*** Block opens ***

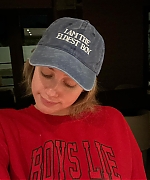 LRBR0877.jpg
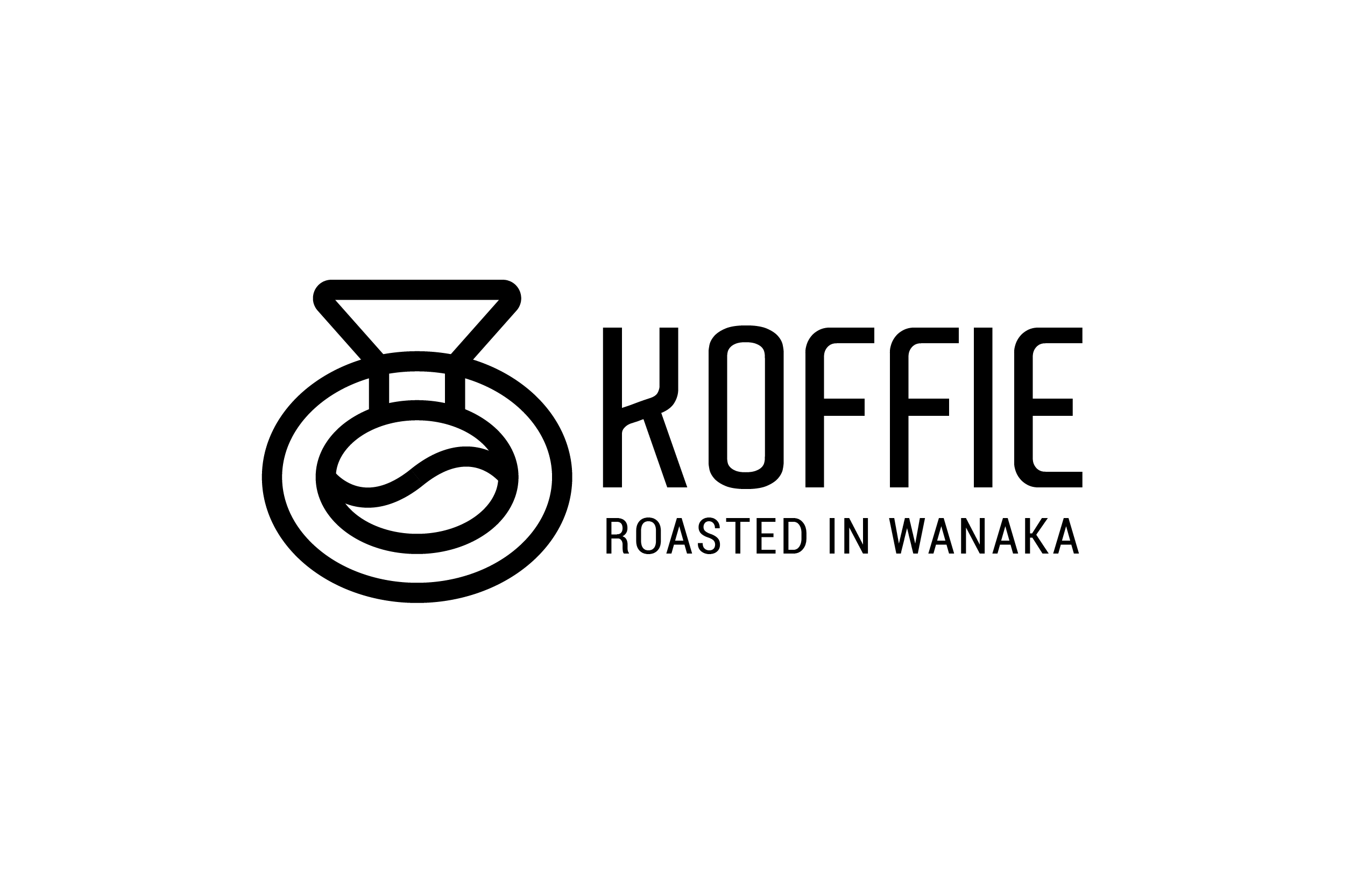 Logo Design by Grafactory for this project | Design #32560996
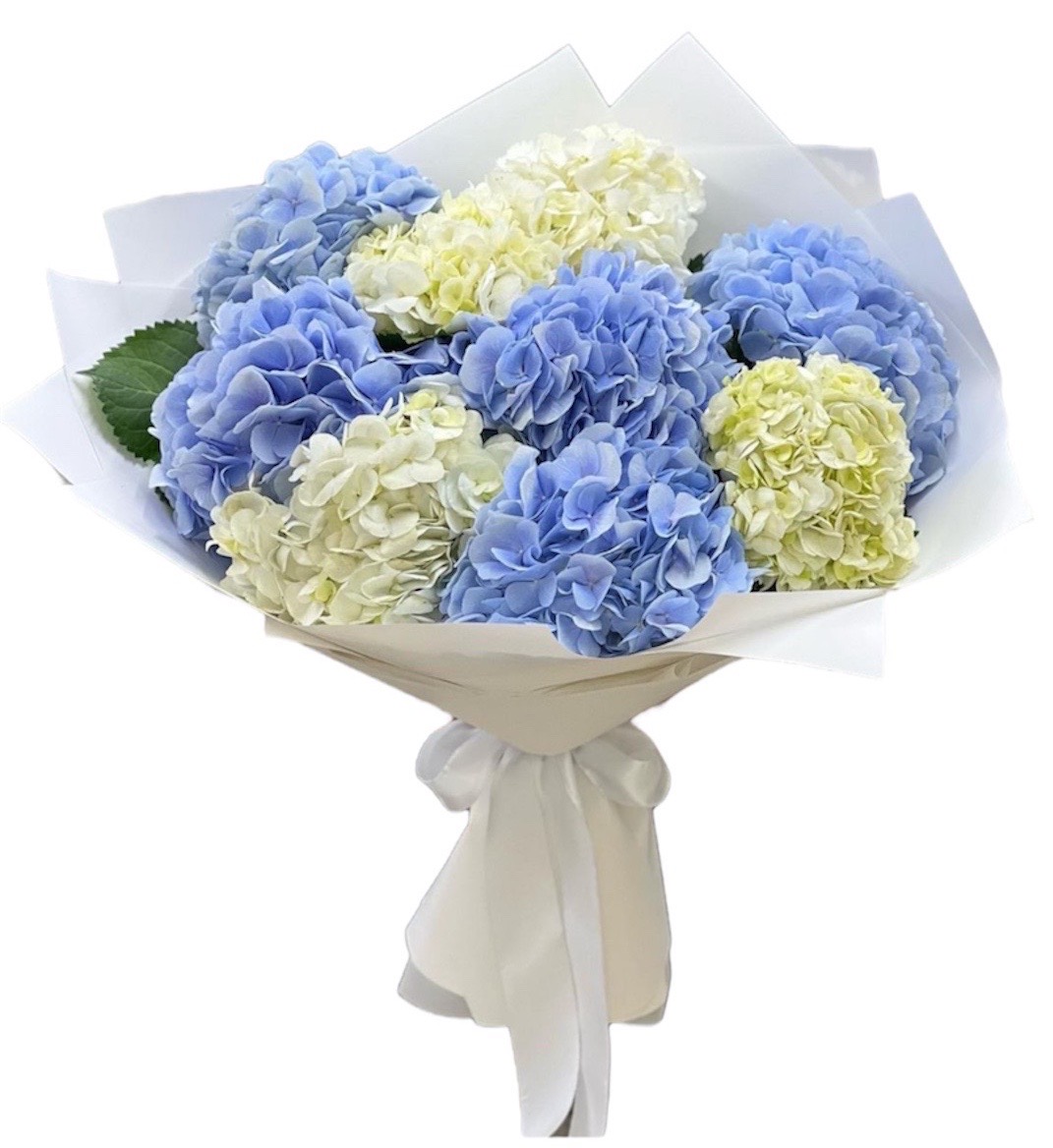 Бизнес леди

*** Block closes ***

Task instructions
Every line of the data should be copied as it stands, without the images.

Answer to the problem
 LRBR0877.jpg
 Logo Design by Grafactory for this project | Design #32560996
 Бизнес леди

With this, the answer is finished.